Prompt
For the entries below, print exactly the lines between the line holding "CHEETAH linen 9x25" and the line holding "月亮 夜晚 小船 水面", inclusive, and nothing else.

Records
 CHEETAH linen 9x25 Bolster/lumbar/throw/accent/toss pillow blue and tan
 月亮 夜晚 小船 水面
--
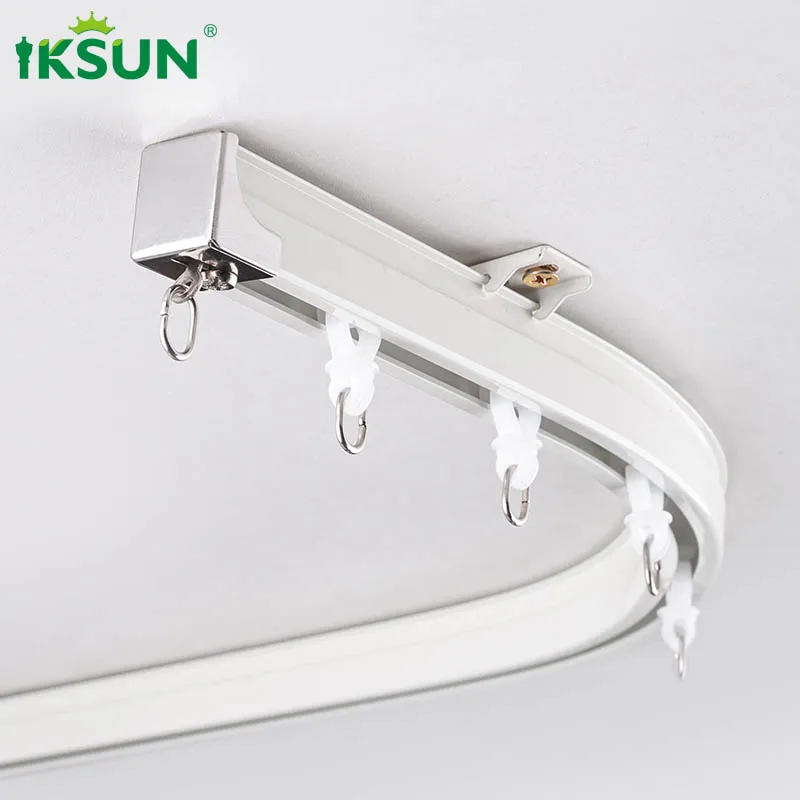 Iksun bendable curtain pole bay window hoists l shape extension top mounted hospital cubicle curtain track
==
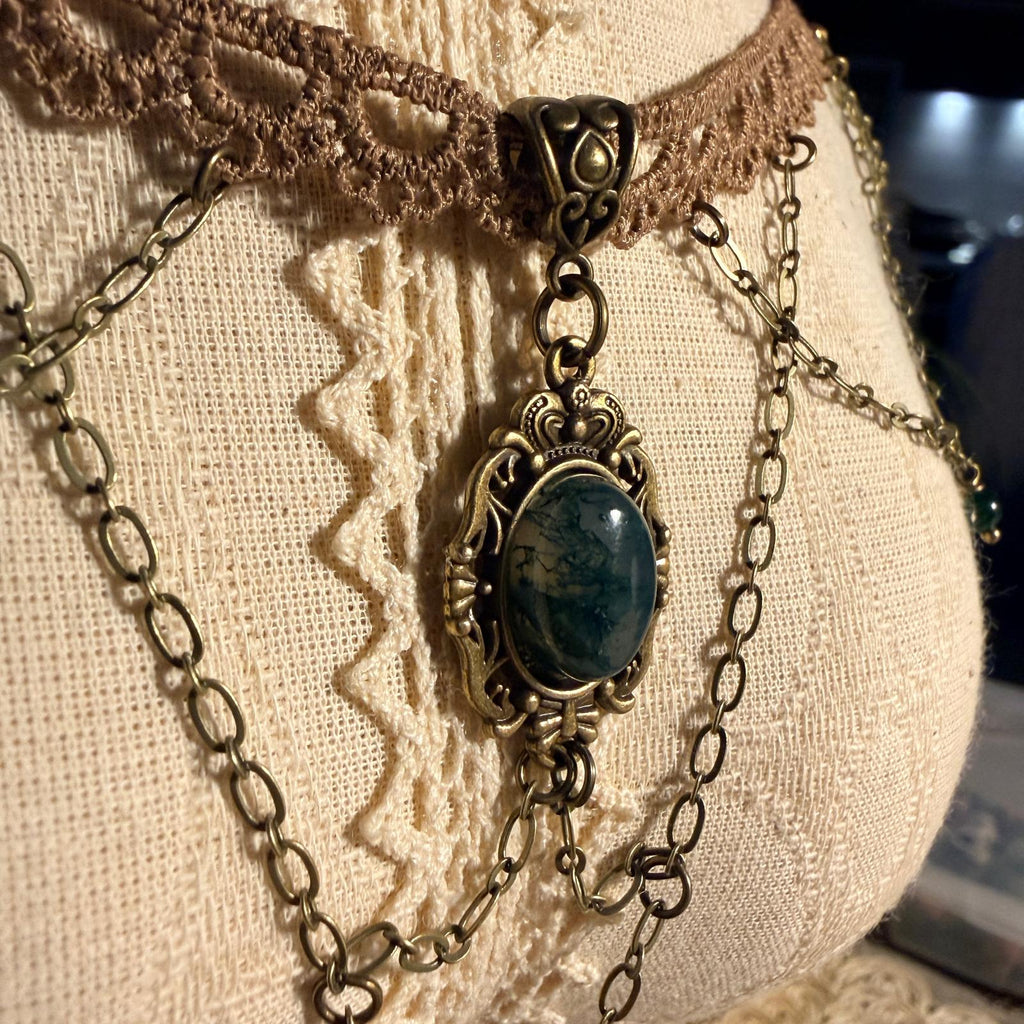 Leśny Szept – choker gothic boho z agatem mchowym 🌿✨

Output of the task
 CHEETAH linen 9x25 Bolster/lumbar/throw/accent/toss pillow blue and tan
 月亮 夜晚 小船 水面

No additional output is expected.